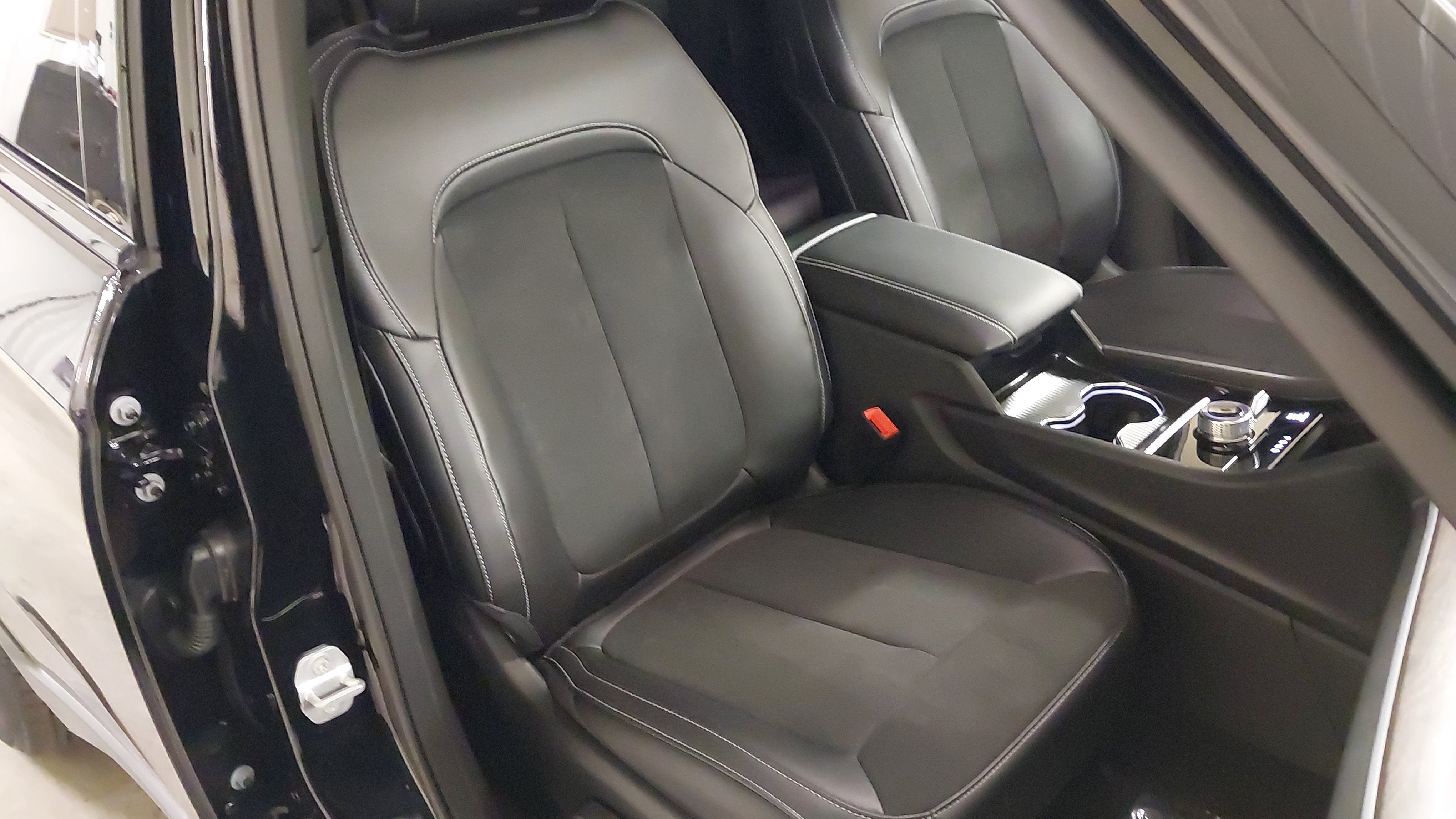 2027 Jeep Grand Cherokee GRAND CHEROKEE LAREDO ALTITUDE 4X4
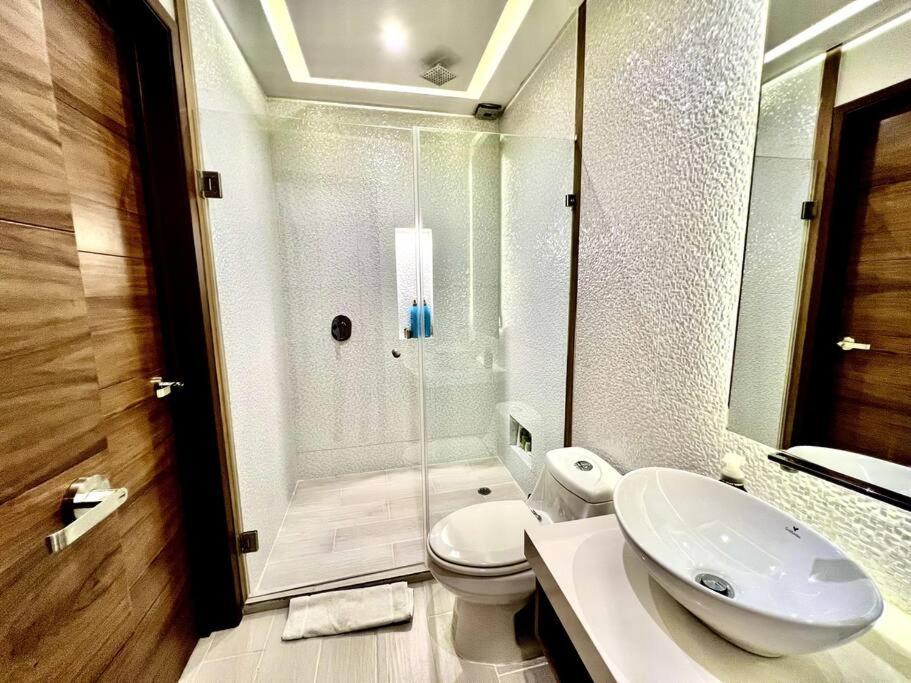 Modern Luxury 2br 2ba Near Mamitas Club Playa del Carmen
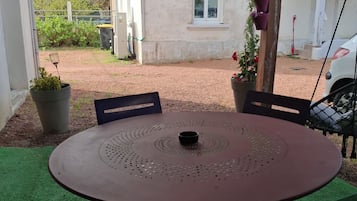 Buiten dineren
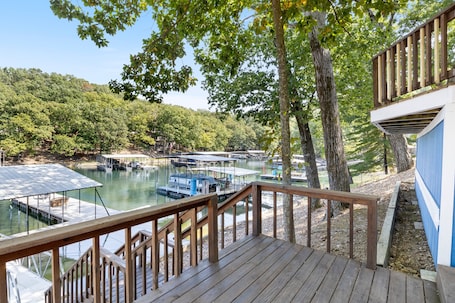 House, Multiple Beds, Patio (Missouri Belle) | View from room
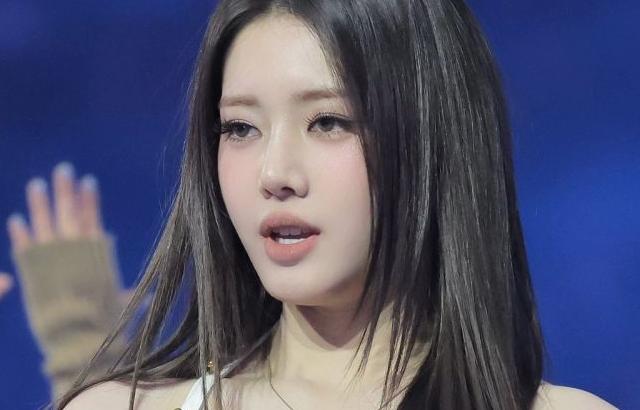 베이비몬스터 로라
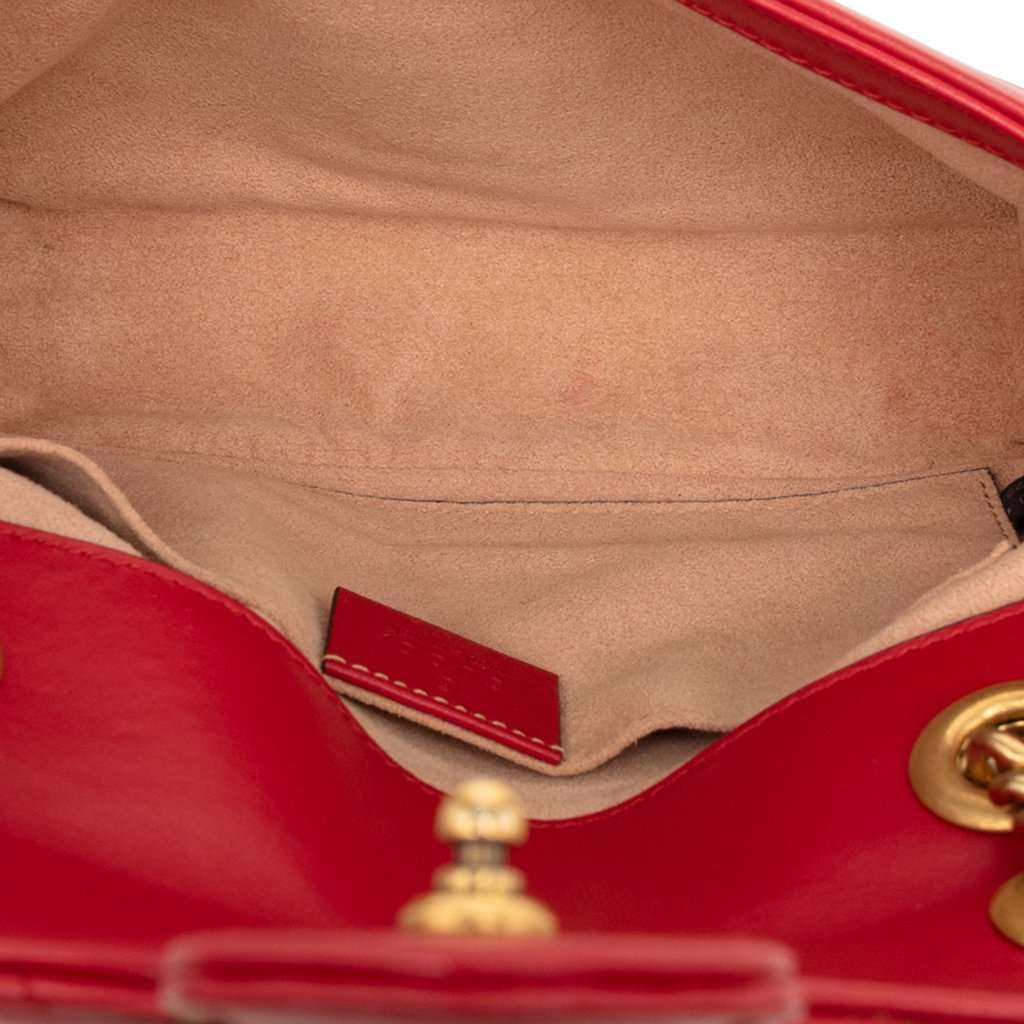 Gucci Small GG Marmont Matelasse Calfskin Shoulder Bag Red Leather Very good condition - Model View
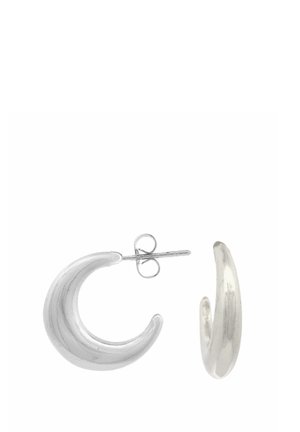 Coppia di piccoli orecchini a cerchio in argento a forma di mezzaluna con chiusura a perno, mostrati da davanti e dal lato su sfondo bianco.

• Exercise objective: Write out the material above without changing a word, and skip any picture.

• Solution to this problem:
 2027 Jeep Grand Cherokee GRAND CHEROKEE LAREDO ALTITUDE 4X4
 Modern Luxury 2br 2ba Near Mamitas Club Playa del Carmen
 Buiten dineren
 House, Multiple Beds, Patio (Missouri Belle) | View from room
 베이비몬스터 로라
 Gucci Small GG Marmont Matelasse Calfskin Shoulder Bag Red Leather Very good condition - Model View
 Coppia di piccoli orecchini a cerchio in argento a forma di mezzaluna con chiusura a perno, mostrati da davanti e dal lato su sfondo bianco.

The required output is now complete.